Kitap; Hicri 5. yüzyıl ortalarında yaşayan ve sözde Batıniler’in ve Karmatiler’in içine girerek onları gözlemlediğini iddia eden Arap hadis bilgini Muhammed Hammadi tarafından kaleme alınmış; Muhammed Zahid El- Kevseri adlı bir başka Arap tarafından bir önsöz ile yayına hazırlanmış; Esseyyid İzzet El- Attar Hüseyni adlı başka bir Arap tarafından Arapça olarak basılmış; Câmi-i Ezher mezunlarından Hatay Merkez Müftüsü, Siirtli İsmail Erzen tarafından Türkçeye çevrilmiş ve dönemin Diyanet İşleri Başkanı Ahmed Hamdi Akseki – Cumhuriyet döneminde ilk Kuran tefsiri yaptırılan Muhammed Hamdi Yazır’ın yakını olmalı- tarafından yazılan kapsamlı bir Önsöz’le 1948’de yayımlanmıştır. (Sözkonusu kitabın yeni basımi ise 2004 yılında Sebil Yayınları’nda yapılır).

Bakalım, Diyanet İşleri Başkanı’nın bakışıyla Batıniliğin ve Gizli Tarikatların içyüzü neymiş? Adıgeçenin Önsöz’ünden birlikte izleyelim: ‘’Siyasi âmiller ve şahsi emellerle ortaya çıkmış fırkalar vardır ki, bunlar her vakit Müslümanlar ve Müslümanlık için bir gâile ve musibet olmuştur. (…) Siyasi ve İslam aleyhinde kötü maksatlar takip ederek ortaya çıkmış olan fırkalar ve tarikatlar, muhtelif isimler altında bugün de devam etmektedir. Bu maksatla ilk beliren fırka Şia’dır. (…) Hz. Ali zamanında kendisine taraftar olan Şialar dört kısma ayrılır. (…) Bunlardan 4’üncüsü Galiye’dir.(…) Galiye, Hz. Ali’ye muhabbette son derece ileri gidenlerdir. O derece ileri gitmişler, kendilerini muhabette o derece ilerde göstermişler ki, Hz. Ali’ye ilahlık isnat etmişler (Sen İlâhsın) demişlerdir.

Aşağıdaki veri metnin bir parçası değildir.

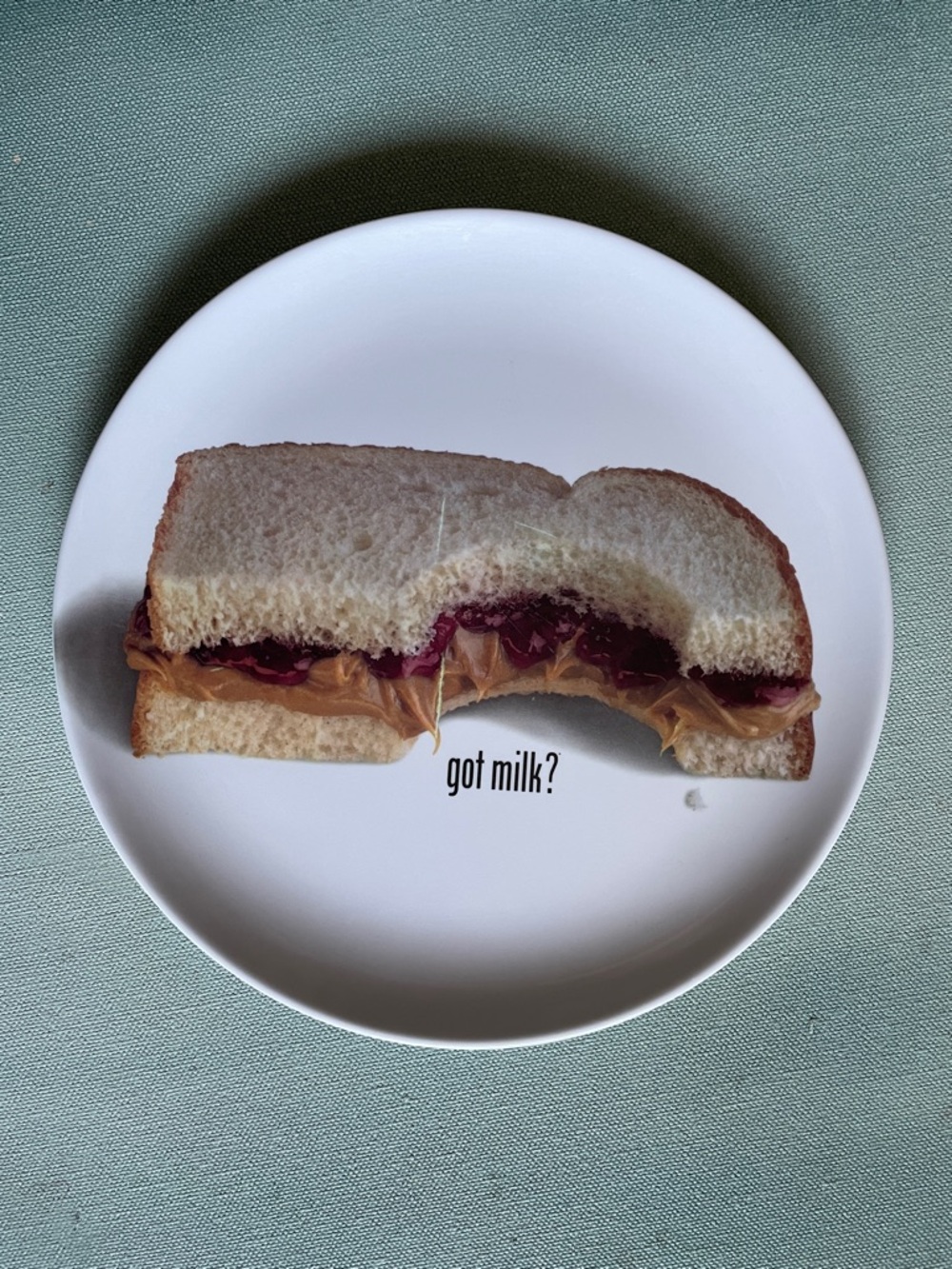 Vintage 90s Got Milk Melamine Plate PB&J Sandwich 8”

Sonra bunu Hz. Ali evlatlarına da teşmil ettiler. Bunlar, sonradan Rafızi, Batıni, İsmaili, Karamita (Karmatilik MB) gibi birçok kollara ayrılmışlardır. (…) Bunların hepsi, Şiilik perdesi altında gizlenerek Müslümanlar arasında ilhad (dinsizlik MB) ve fesat neşreden (yayan) kimselerdir. Binaenaleyh,bunların başlangıcı Hz. Ali ve Ehlibeytine muhabbet ise de sonu insilah (kopma MB), dinden büsbütün sıyrılıp çıkmaktır. (…)

Bu fitnelerin tohumları hemen hemen İslamın ilk devirlerinde atılmıştır ve Hz. Ömer (R.A) şehadeti de bunlarla ilgilidir. İran fütuhatından sonra bir taraftan İran Mecusiliği (Zerdüştilik MB), diğer taraftan Yahudi fitnesi, İslâm perdesine bürünerek gizli gizli İslâmın saffetini (temizliğini MB), Müslümanların vahdetini (birliğini MB) bozmakta gecikmemiştir. Sonradan Rafızilik, Batınilik gibi muhtelif isimlerle genişleyen bu tarikatlardan Rafızilik; Hz. Ali’ye muhabbet, Hz. Ebubekir, Ömer, Osman, Ayşe, Muaviye ve diğer eshabdan (Muhammed’in yakınları MB) birçokları hakkında buğz (iftira MB) ve adavette (düşmanlıkta MB) taassup göstermek (tutucu olmak MB) demektir.“ (Age,s. 3,4,5).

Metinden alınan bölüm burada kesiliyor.